Sunday 27 October 2013

Turbot with caper and parsley sauce

Serves 2

2 turbot steaks, about 350g each
2 tbsp olive oil
Sea salt and freshly ground black pepper
400ml milk
1 onion
8 cloves
2 bay leaves
1½tbsp butter
2tbsp plain flour
2tbsp capers, finely chopped
2tbsp fresh parsley, finely chopped
Squeeze of lemon, to taste

1. Preheat the oven to 240°C.

2. Brush the turbot steaks with the olive oil and season with salt and pepper, then place in a large roasting dish and cook in the oven for 12-15mins.

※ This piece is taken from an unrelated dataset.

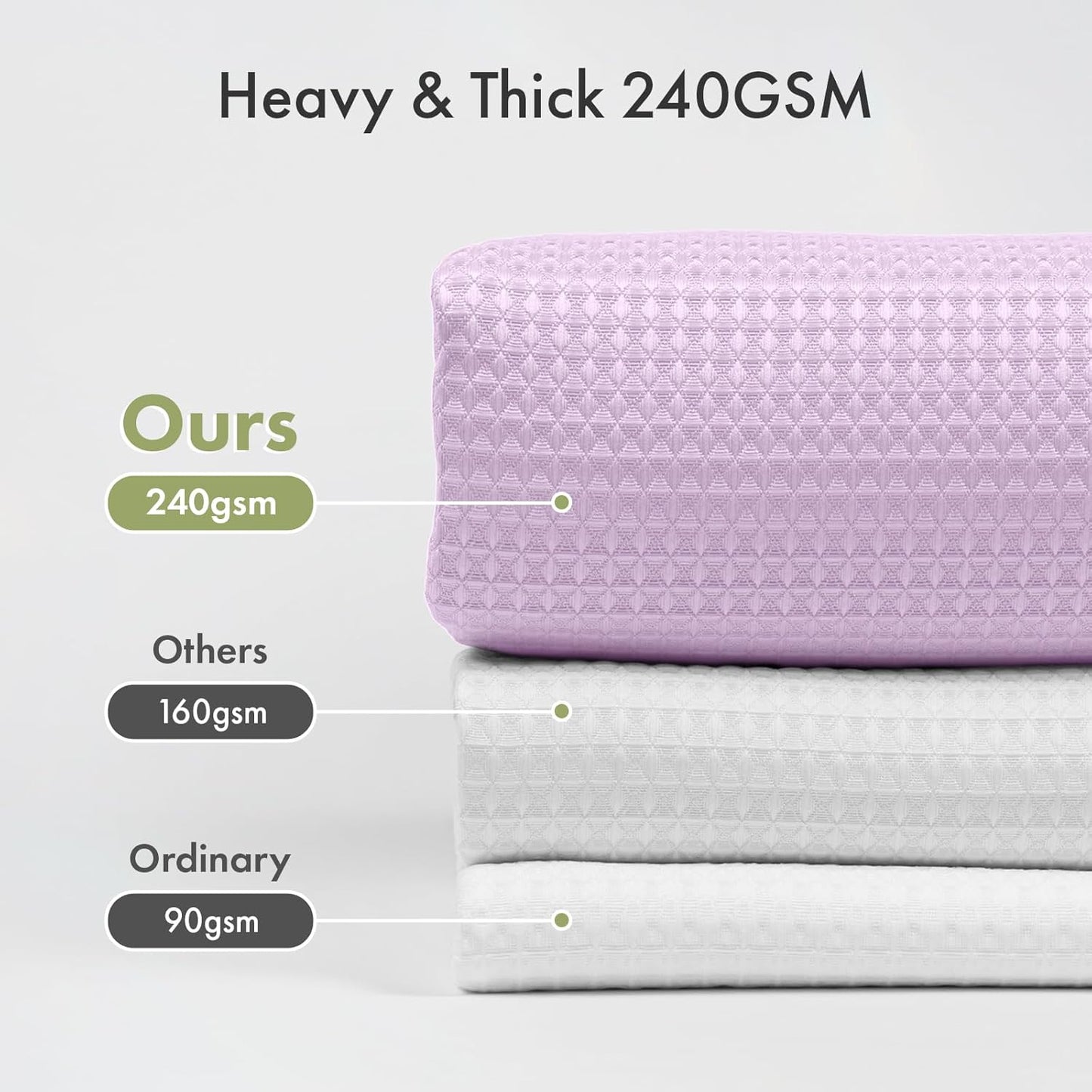 AmazerBath Light Purple Shower Curtain Waffle Textured, Lavender Shower Curtain Fabric Thick Heavy Duty 240GSM, Hotel Quality Bathroom Shower Curtains, Premium Polyester, 72 x 72 Inches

3. Meanwhile, make the sauce. Pour the milk into a large saucepan. Cut the onion in half and insert the cloves, then make a couple of slashes in the onion halves and insert the bay leaves. Place the studded into the milk, bring to the boil, then reduce the heat and simmer for 6-7mins. Remove the pan from the heat and leave to infuse for a further 10mins. Remove the onions.

4. Melt the butter in another saucepan over a low heat and stir in the flour until you have a smooth, creamy paste. Slowly pour in the milk while gently whisking until the sauce is smooth and is the consistency of double cream. Season with a little salt and pepper, add the capers and parsley and lastly a squeeze of lemon.

5. Place the turbot in a serving dish, remove the skin, which should come away easily, and spoon over lashings of the delicious sauce.